Les artistes bruts sont ceux capables de décevoir leur public. Ils se moquent de ce qui va se passer, de ce que le public ou leur audience va penser. En ce sens, je ne suis pas un artiste brut car je ne suis pas capable de décevoir mon public (sourire). Quant à la cabane de bric et de broc sur la pochette de notre album, elle pourrait bien être une métaphore graphique de notre musique, parce qu’elle illustre la composition que nous recherchons : partir de la structure pour arriver à la déstructure, à l’improvisation, mais sans pour autant perdre une certaine cohérence.

Erik Truffaz

Abd El Malik rappe sur votre musique à Montreux, Ed Harcourt chante dans plusieurs morceaux d’"Arkhangelsk"… Est-ce pour rajeunir votre public ?
D’abord, c’est Abd El Malik qui m’a invité sur scène pour jouer des airs de trompette dans son concert. Ensuite, je dois ma rencontre avec Ed au hasard. Nous nous sommes rencontrés il y a deux ans à Paris, lors d’un concert autour de Chet Baker. C’était la voix que je cherchais. J’avais déjà auditionné une chanteuse anglaise, mais cela n’avait rien donné. Le timbre de Ed s’accorde vraiment avec notre musique ; en plus, il est un vrai rockeur, et il sait déconner !

Avec Arkhangelsk, vous semblez tout de même avoir pris une nouvelle orientation musicale.
C’est vrai : en plus de la musique, nous nous sommes mis à écrire des chansons. Je pense que la voix humanise la musique et la rend plus directe. J’aimerais bien être chanteur ! Même si je ne pourrais pas donner des concerts tout le temps, parce que la voix… en quelque sorte… cadre la musique, et entre en contradiction avec les univers mystérieux que nous tentons de créer.

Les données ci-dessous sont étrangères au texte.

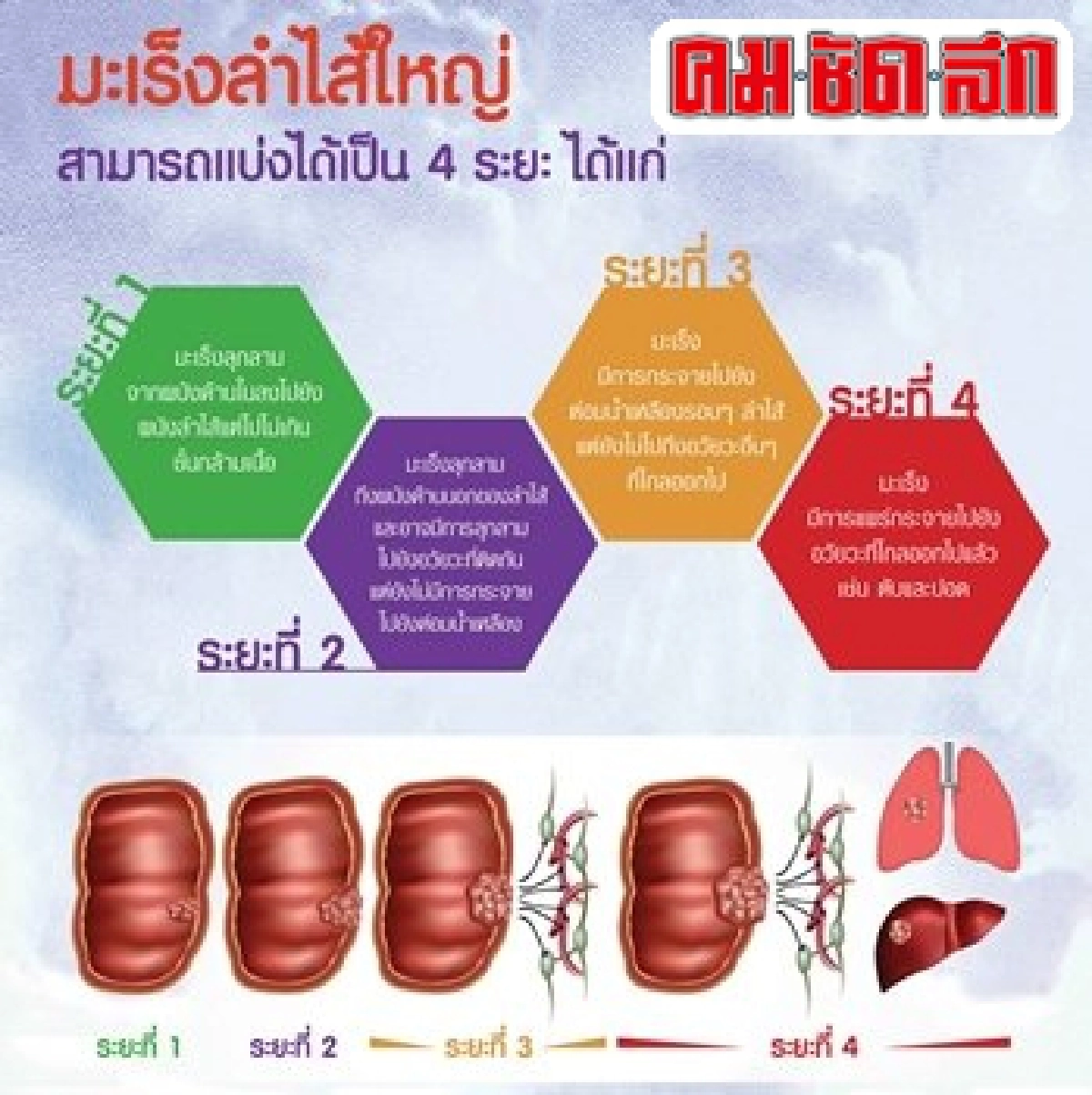 'ฟ้าหญิงจุฬาภรณ์'พระราชทานโครงการรักษามะเร็ง 'ฟ้าหญิงจุฬาภรณ์'พระราชทานโครงการรักษามะเร็ง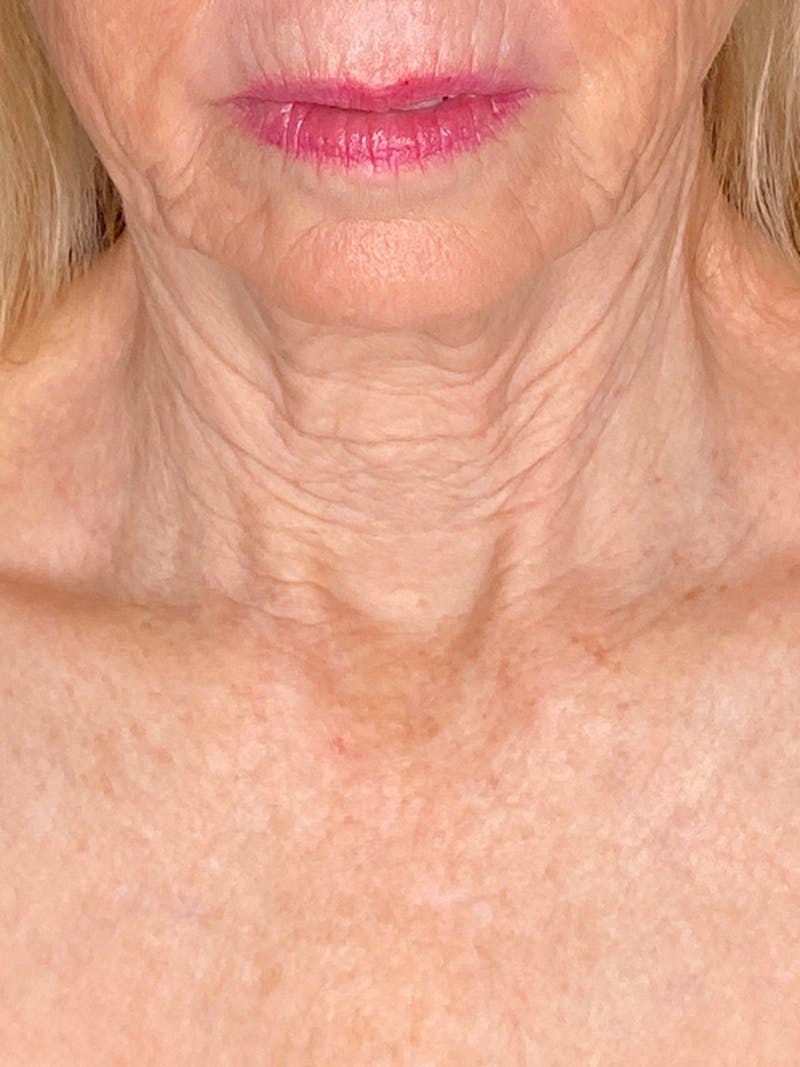 Neck Lift Before & After Gallery - Patient 301715 - Image 3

Tantôt vous parlez à la première personne, tantôt vous dites "nous".
Excepté les deux morceaux avec Christophe, nous avons écrit ensemble - Erbetta, Gulliani, Muller et moi - les compositions de l’album et je pense que nous avons très bien réussi. Cependant mon prochain projet sera différent. J’aime beaucoup l’idée d’un duo (voire trio) complètement acoustique. Quelque chose du même ordre que le concert au Festival de Cully en 1997 qui m’a permis de jouer avec l’accordéoniste Richard Galliano. J’adore aussi ce que fait le pianiste Malcom Braff à Vevey… Bref il faut que je fasse autre chose !

Sera-ce facile ?
Hélas, je suis pris entre mes désirs artistiques et la réalité du marché ! C’est-à-dire que, tant que je ne vends pas plus de, mettons, 200’000 albums, personne n’insiste pour que je change de style. Par exemple, lorsque j’ai soumis mon projet de concert au Festival de Jazz de Montreux l’an dernier (avec Talvin Singh et Murcof), la programmation m’a demandé de ne pas me faire accompagner par un chanteur – je voulais emmener avec moi un rappeur. Le Festival a prétexté que cela s’était déjà fait ou je ne sais plus trop quoi. Ce qu’il voulait, c’était me voir moi sur scène jouer de la trompette (ou du bugle) comme je l’ai souvent fait jusque là. Au contraire, les chanteurs pop peuvent revenir 100 ans de suite avec le même groupe, les mêmes concepts de chansons. Que voulez-vous, cela fait partie de la dynamique de marché des festivals. Mais moi, je veux me renouveler. Ce n’est pas seulement une question d’envie, c’est aussi une histoire de fraîcheur musicale. Je suis un chercheur… et c’est peut-être cela qui me rapproche de l’art brut.